Those of you who have been reading regularly may have seen this coming. But I didn’t. Those of you in Hamilton may be glad to hear it. But I’m not.
February 28th will be my last day in my beloved office at CSI.
I know, I can hear all the people saying “WHAT DID YOU EXPECT?? Throwin’ so many balls up in the air, you, who don’t even know how to juggle,” and ” Just get an office here, or work out of your cafe!”
But people, it’s not about an office (beautiful though it was!), CSI is an INCUBATOR, and I’m not fully INCUBATED yet! I’m like a chicken without feathers, fallen out of the coop too soon! Wrinkly and rubbery and I can’t even feed myself and nobody else is EVER going to understand me! I’m afraid I’m going to slip into a pit of despair and never get out.
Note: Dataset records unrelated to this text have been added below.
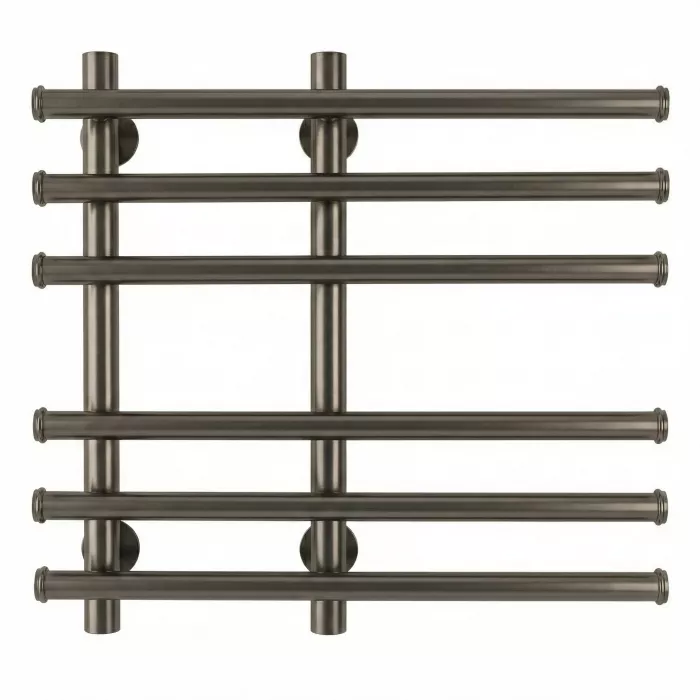 Полотенцесушитель электрический Secado Турин 3 60x20x70 графит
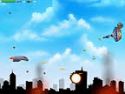 Earth defender space shooter - repülőgépes játék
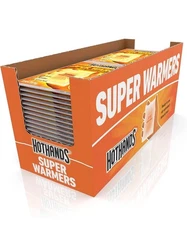 HotHands Body & Hand Super Warmers -  18 Hour (40 Pack)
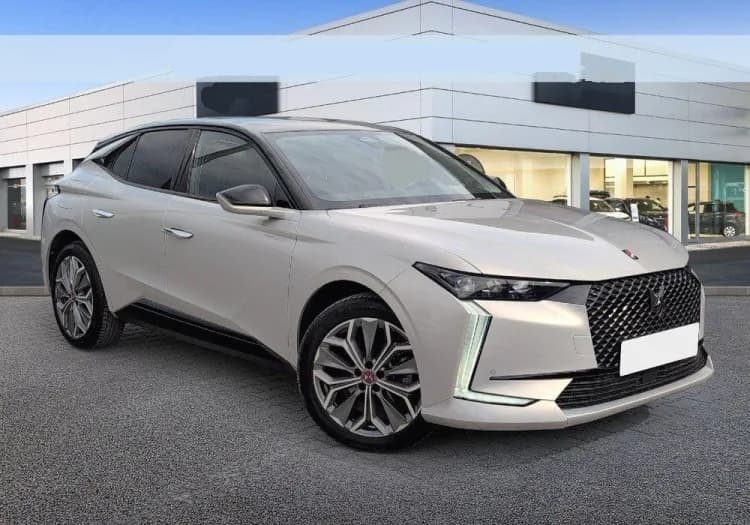 DS 4 DS 4 1.2 PureTech Performance Line + aut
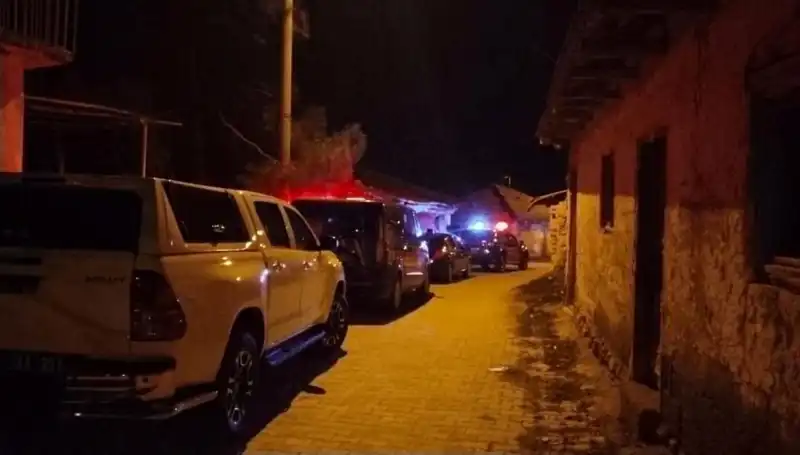 Oğlu Tarafından Öldürülen Baba Son Yolculuğuna Uğurlandı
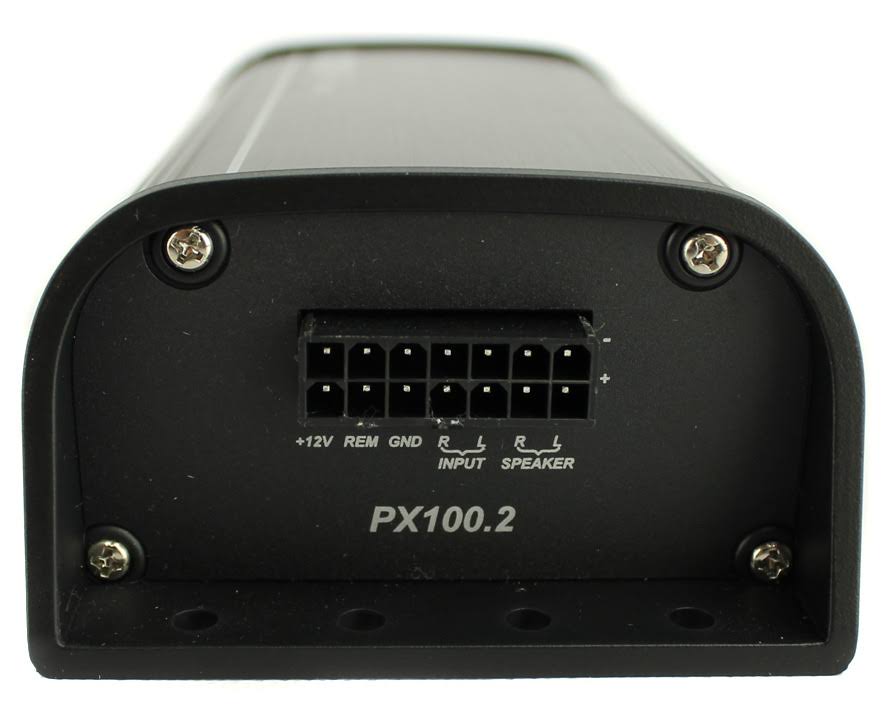 2-Channel Car Amplifier J7895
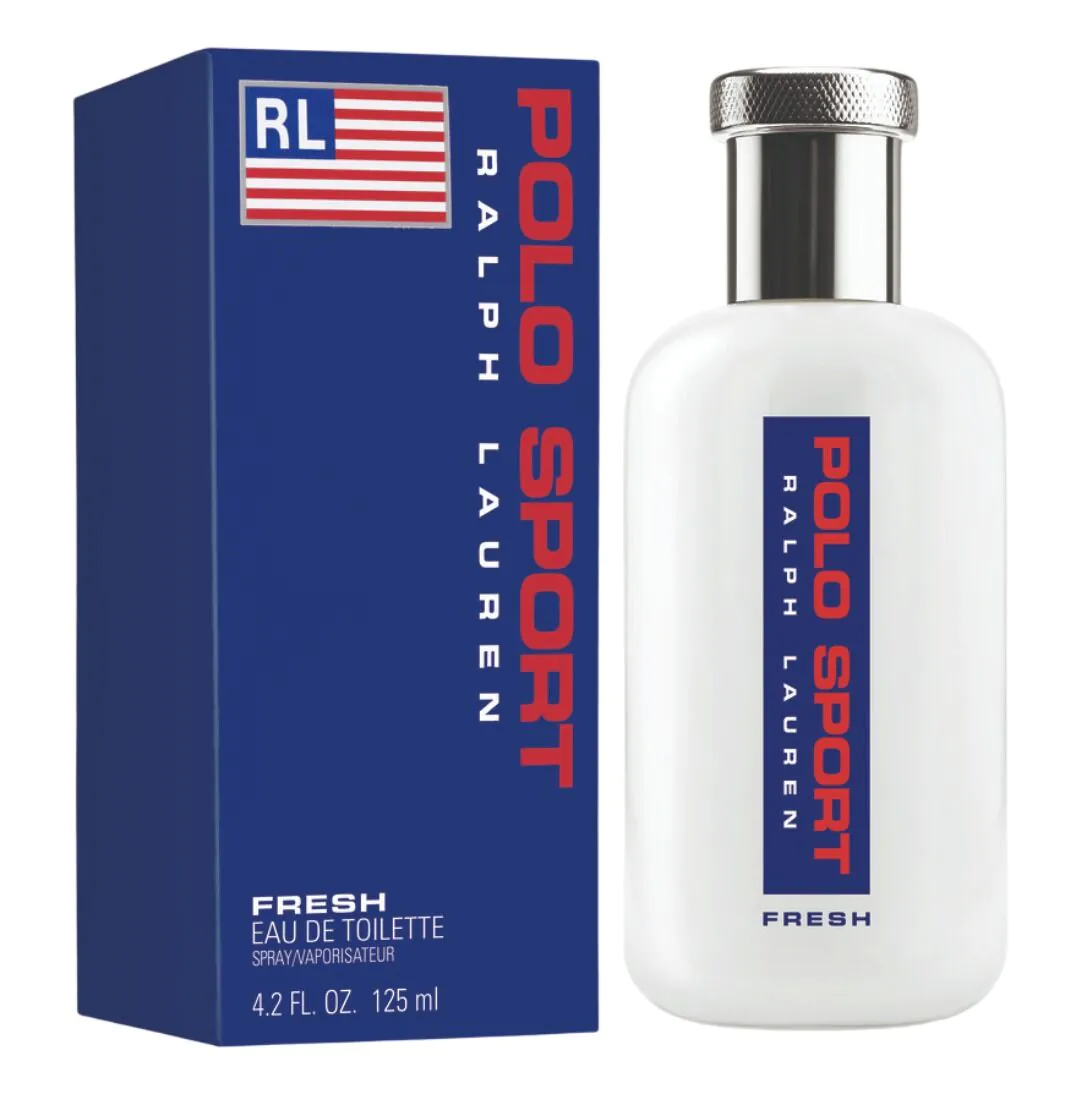 Ralph Lauren Polo Sport Fresh Eau de Toilette til mænd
Here is the Love Note I sent the the membership for Valentines Day:
Love Note for CSI: I found my voice at CSI, in the course of becoming myself. Now I am learning to speak my truth. What I know for sure is that the Journey is best shared. How glad am I to share it with you, the people at the Centre of it all.
The CSI folks were great, trying to find a solution with me but none of the solutions are near-future enough. And so my heart is broken. This is not how it’s supposed to be. You’re supposed to get too big for the space and be forced to move somewhere else, with shrubbery and marble fountains. I have this sense that maybe, in the big picture, it’s all good. But right now I just want to put my head under a pillow and never come out. And I don’t want to go to the party on the 26th cause everybody hates me. And nobody even knows me anymore. Whaaah!
And where’d my sense of community go? Was I buying it?